▶ _ACTION ITEM_: From the line containing "Read Myst, Might, Mayhem Manga Online" through the last line of the records below, each line is to be repeated exactly; pictures are to be omitted.

*** Begin section ***

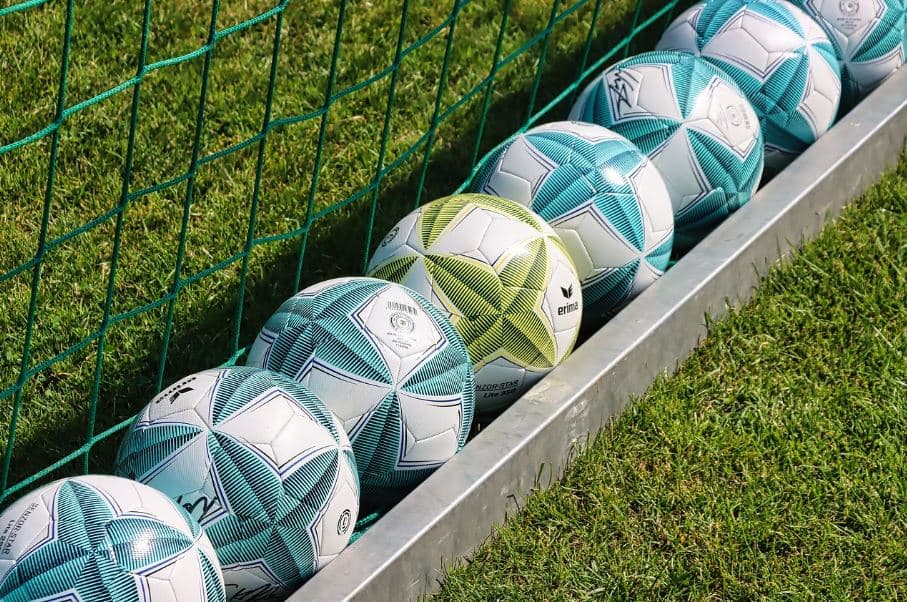 Why Big Football Matches Are Becoming Major Social Events In Nairobi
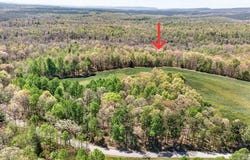 Smith Mountain Rd lot: 5, Rockwood, TN 37854
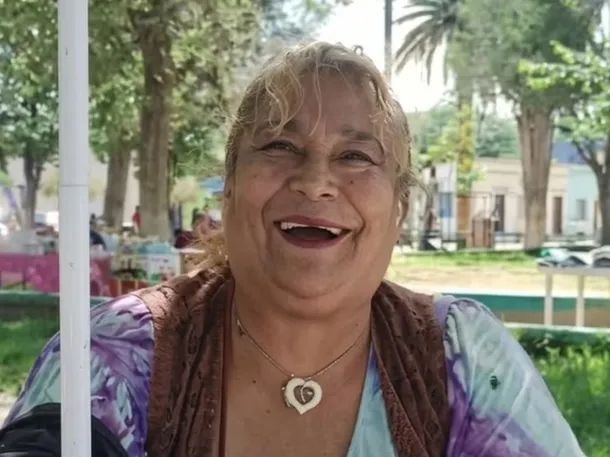 Lanús: asesinaron a una jubilada de un disparo en la espalda durante un tiroteo frente a su casa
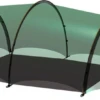 Hilleberg Helags 2 Footprint Grondzeil -Outdoor Kampeerartikelen Winkel 3993885 787421359657 0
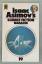 Isaac Asimovs Science Fiction Magazin, 19. Folge - Wahren, Friedel (Hrsg.)
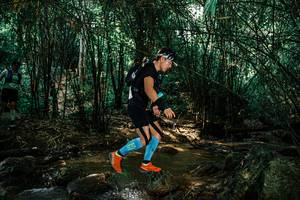 BIB: 
                            <button type="button" onclick="openModal(25861554)" class="btn btn-primary btn-sm float-right btn-popup" data-toggle="modal" data-target=".modal-high-quality">
                        <i class="fas fa-shopping-cart"></i> Add to Cart
                    </button>
                                            <button type="button" onclick="isThisMe(25861554, true)" class="btn btn-success btn-sm float-right btn-popup btn-isme hidden" data-toggle="tooltip" data-placement="bottom" title="นี่คือรูปของคุณใช่ไหม คลิกที่นี่เพื่อเอาเข้าอัลบั้ม">
                        <i class="fas fa-plus"></i> Add to album
                    </button>
                    <button type="button" onclick="isThisMe(25861554, false)" class="btn btn-warning btn-sm float-right btn-popup btn-isnotme hidden">
                        <i class="fas fa-ban"></i> Remove from album
                    </button>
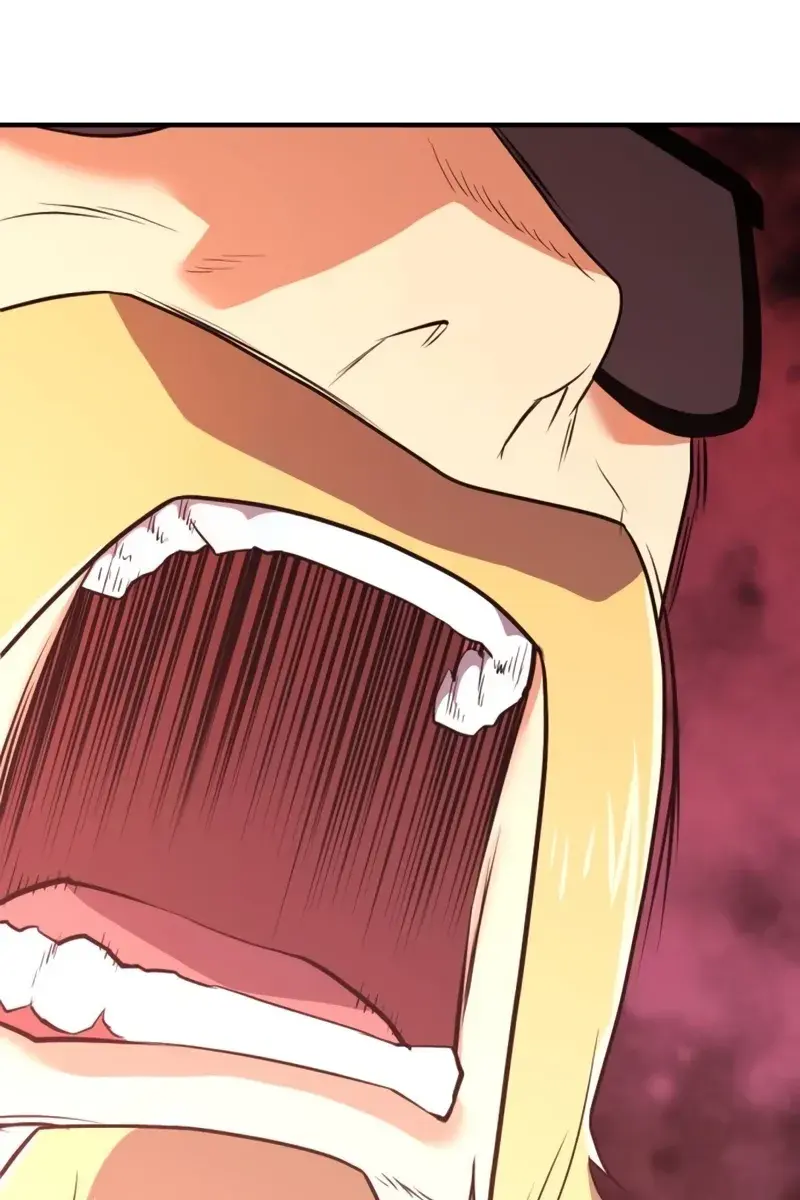 The Greatest Estate Developer Chapter 145 Page 53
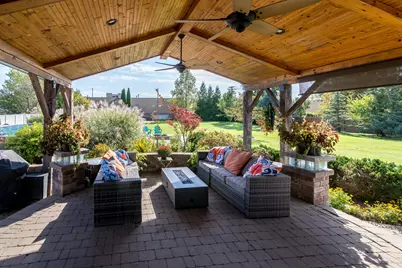 30211 Beechwood Street, Garden City, MI 48135 - Photo 7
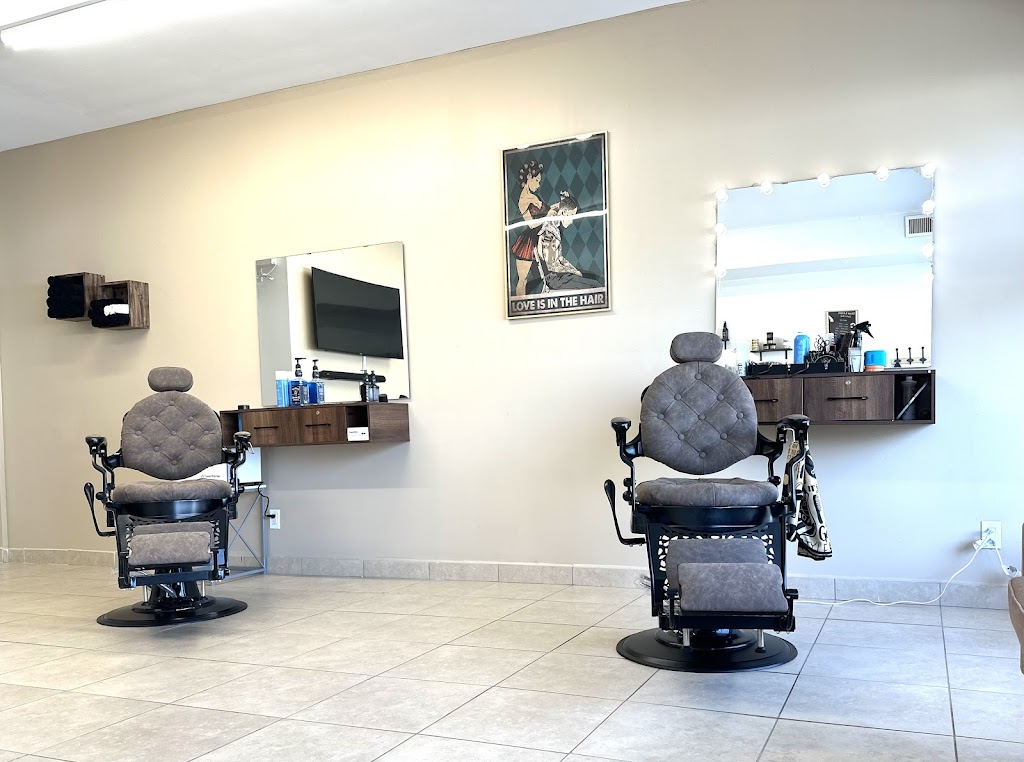 Serrupro Serrurier Buro Service | 2800 Côte Richelieu, Trois-Rivières, QC G8Z 3Y5, Canada | Phone: (819) 376-2750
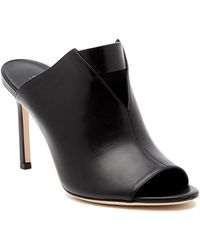 via spiga mira sandal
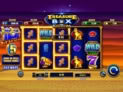 Treasure Box Kingdom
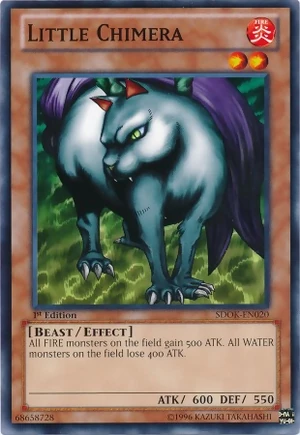 LittleChimera-SDOK-EN-C-1E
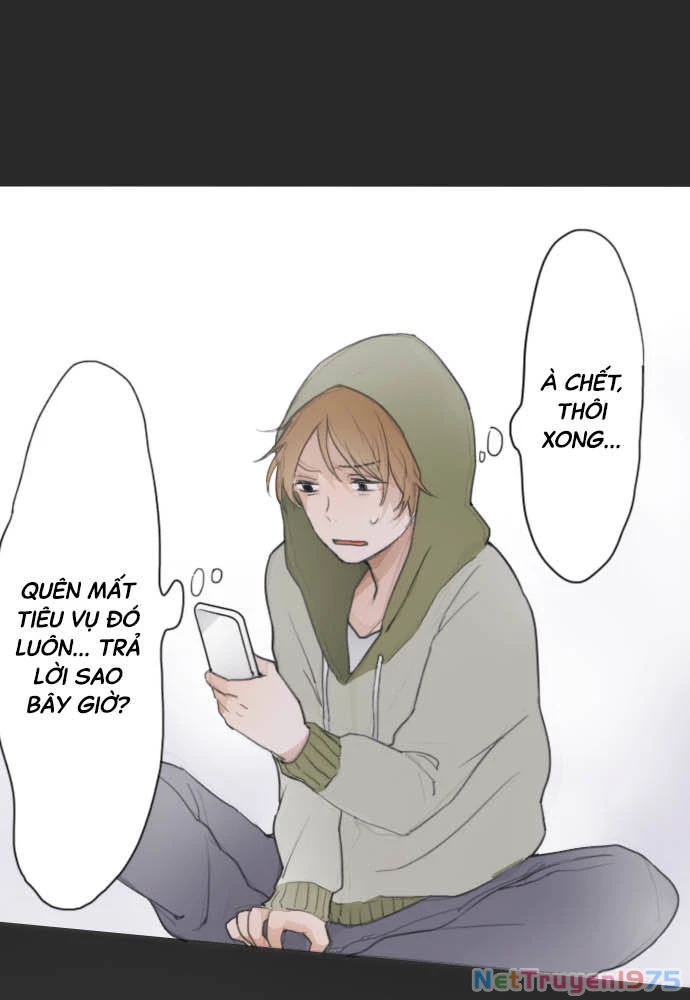 Hoa Cánh Sao Chapter 9 - 67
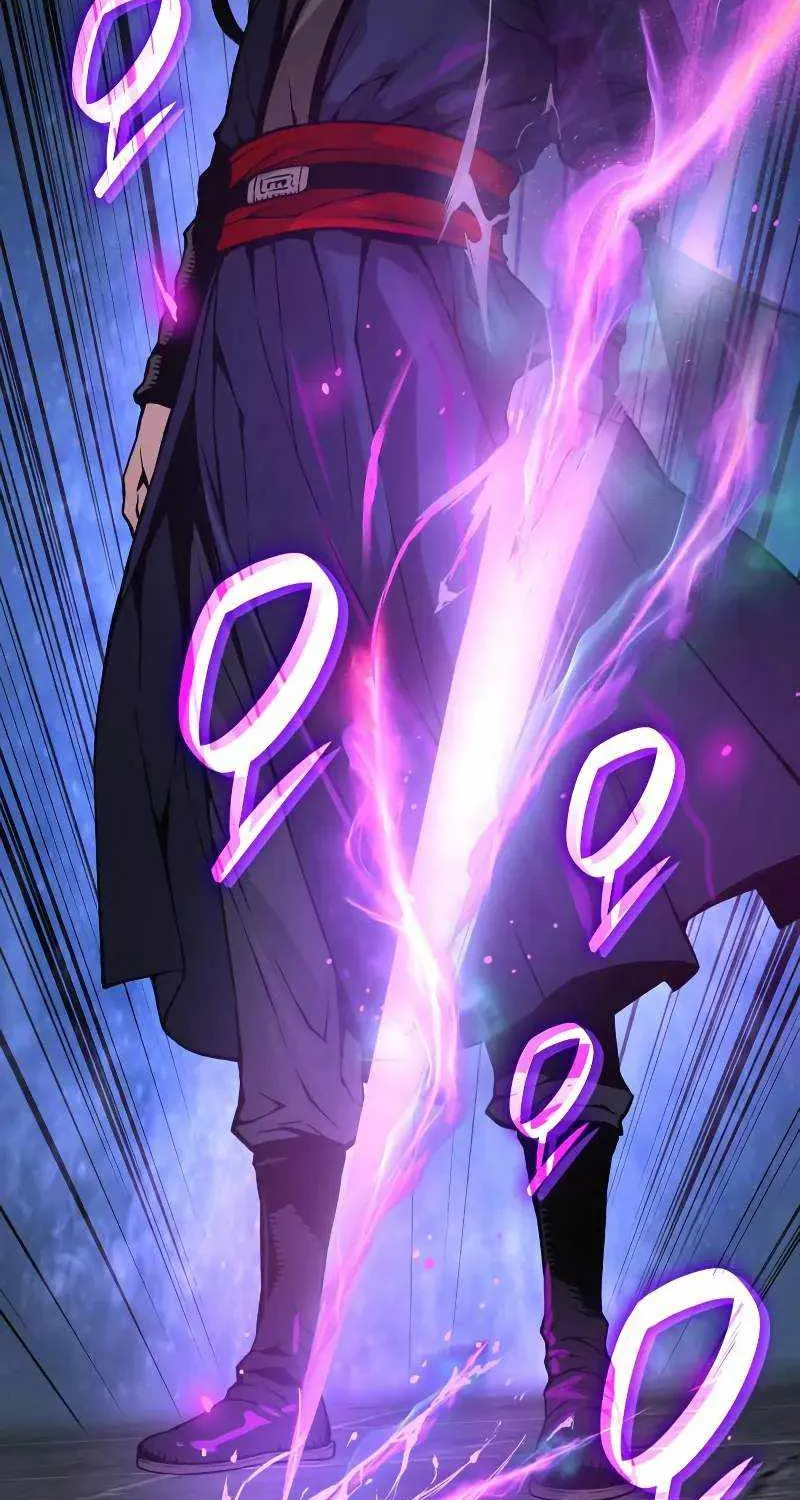 Read Myst, Might, Mayhem Manga Online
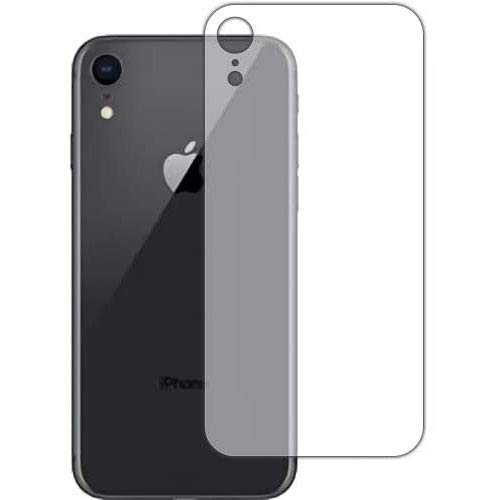 PDAH[ iPhone XR Flexible Shield ی tB [wʗp] ȖʑΉ  {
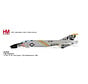 F4B Phantom II VF-84 Jolly Rogers AG-200 CAG 1984 1:72 +Preorder+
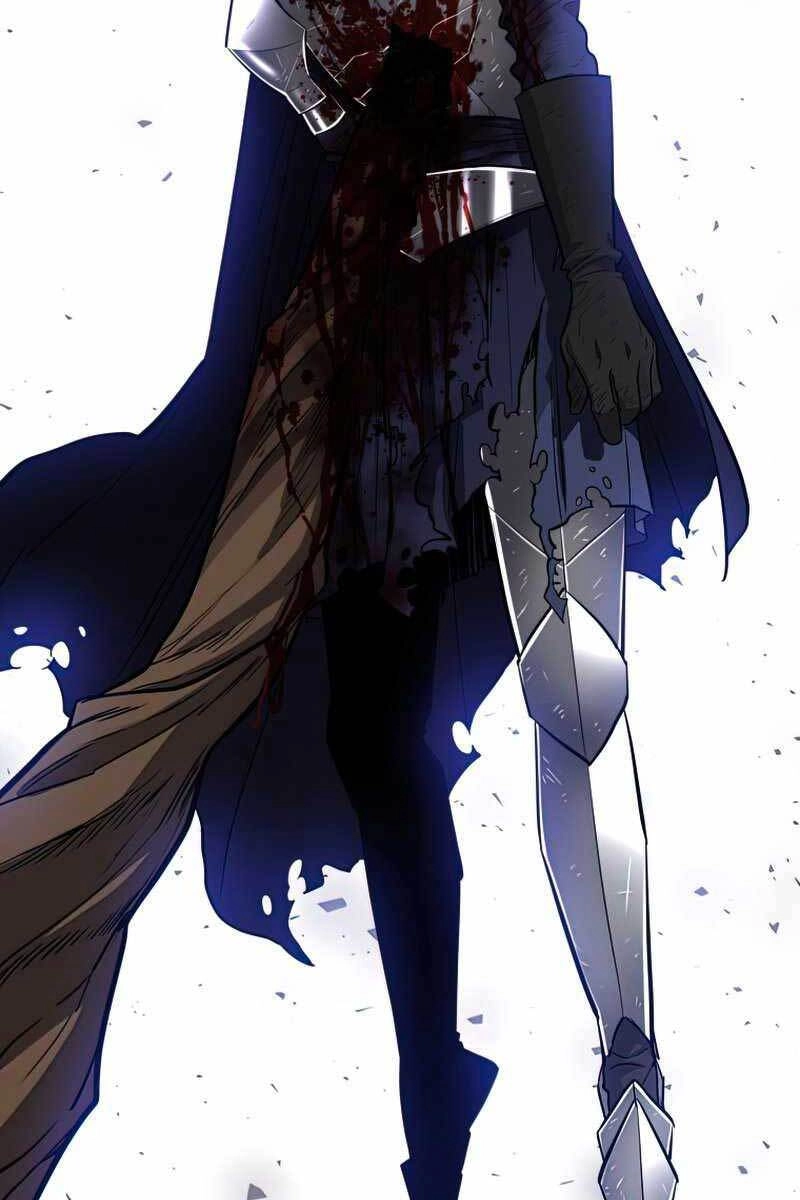 Chế Ngự Kiếm Chapter 36 - 60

*** End section ***

▶ _SOLUTION FOR THIS PROBLEM_:
 Read Myst, Might, Mayhem Manga Online
 PDAH[ iPhone XR Flexible Shield ی tB [wʗp] ȖʑΉ  {
 F4B Phantom II VF-84 Jolly Rogers AG-200 CAG 1984 1:72 +Preorder+
 Chế Ngự Kiếm Chapter 36 - 60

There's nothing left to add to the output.